### Data excerpt
◇ ◇ ◇ ◇ ◇ ◇ ◇
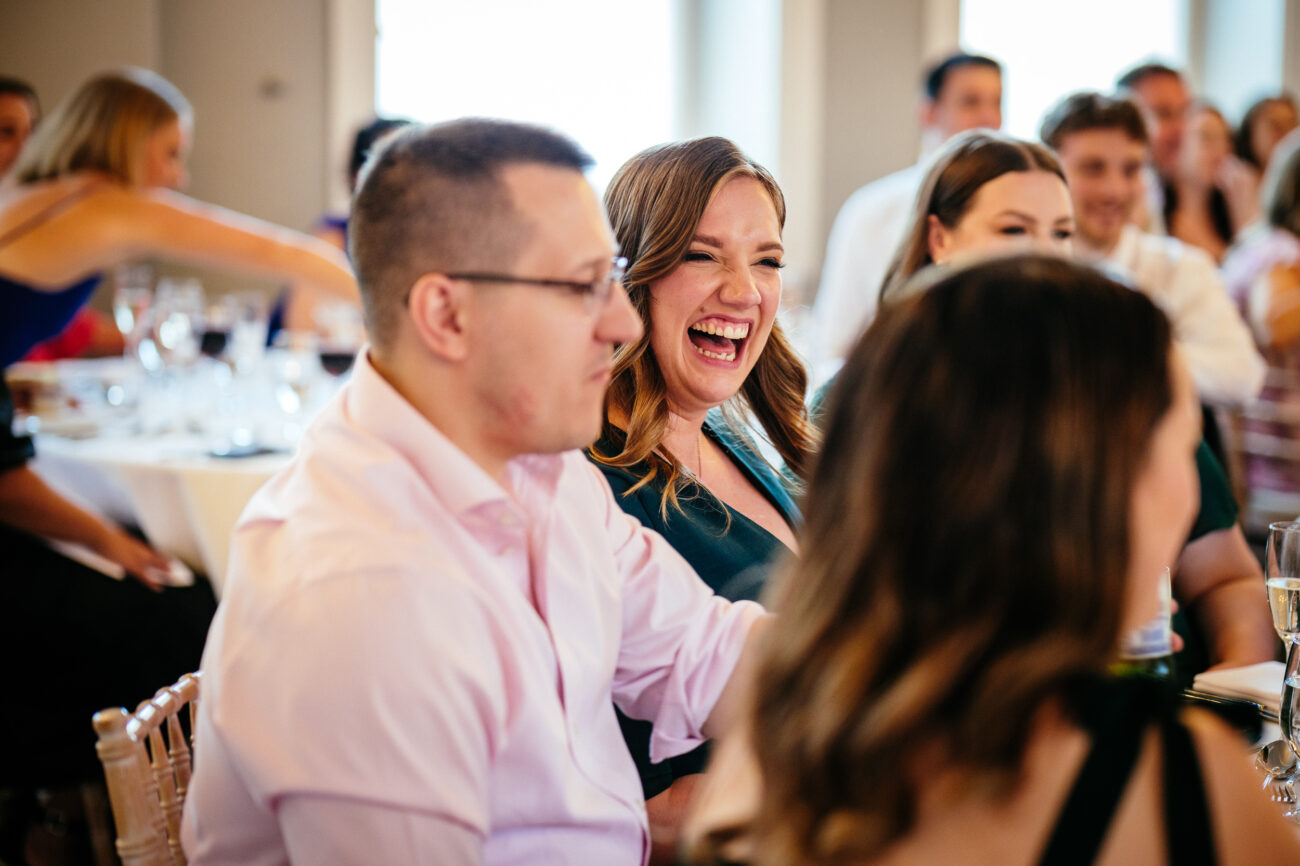 A group of people, seated at tables with white tablecloths and glassware, attentively listen while a woman in the foreground laughs heartily.
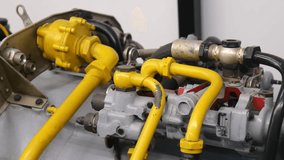 Close-up of yellow pipes, valves and metal components on a jet engine or aircraft fuel system, industrial aviation machinery detail with hoses, fittings and worn painted surfaces, no people - Powered by Shutterstock - Get 15% off with code: PIKWIZARD15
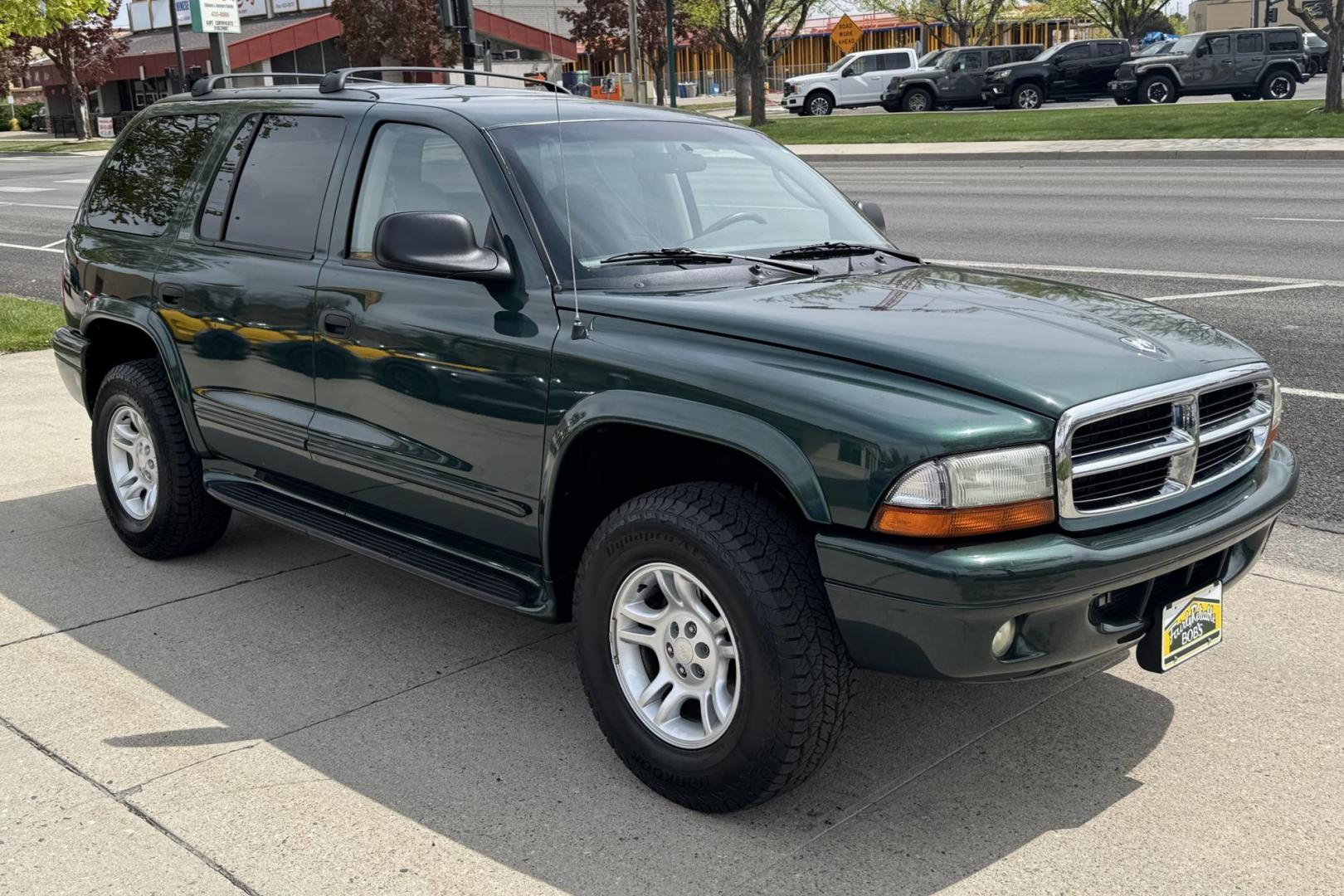 2002 Green /Gray Dodge Durango SLT (1B4HS48N62F) with an V8 4.7 Liter engine, Automatic transmission, located at 2304 W. Main St., Boise, ID, 83702, (208) 342-7777, 43.622105, -116.218658 - 8 Passenger! New Tires! Only 63k Miles! - Photo#1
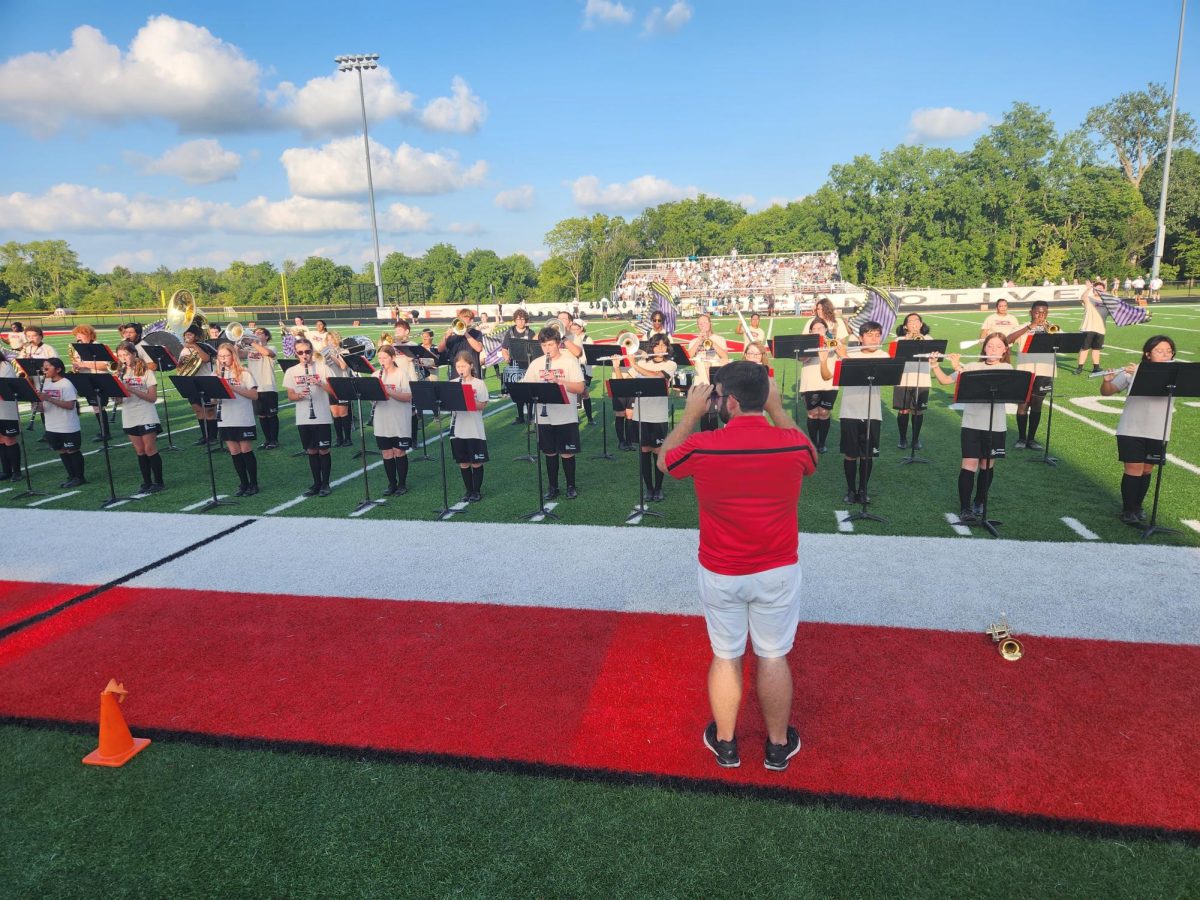 Mr. Zehr directs the Marching Highlanders during a football game.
◇ ◇ ◇ ◇ ◇ ◇ ◇
### About this exercise
Begin with the line holding "Close-up of yellow" and end with the last line of the listing. Reproduce each of those lines exactly, and leave every picture out.

### Expected answer
 Close-up of yellow pipes, valves and metal components on a jet engine or aircraft fuel system, industrial aviation machinery detail with hoses, fittings and worn painted surfaces, no people - Powered by Shutterstock - Get 15% off with code: PIKWIZARD15
 2002 Green /Gray Dodge Durango SLT (1B4HS48N62F) with an V8 4.7 Liter engine, Automatic transmission, located at 2304 W. Main St., Boise, ID, 83702, (208) 342-7777, 43.622105, -116.218658 - 8 Passenger! New Tires! Only 63k Miles! - Photo#1
 Mr. Zehr directs the Marching Highlanders during a football game.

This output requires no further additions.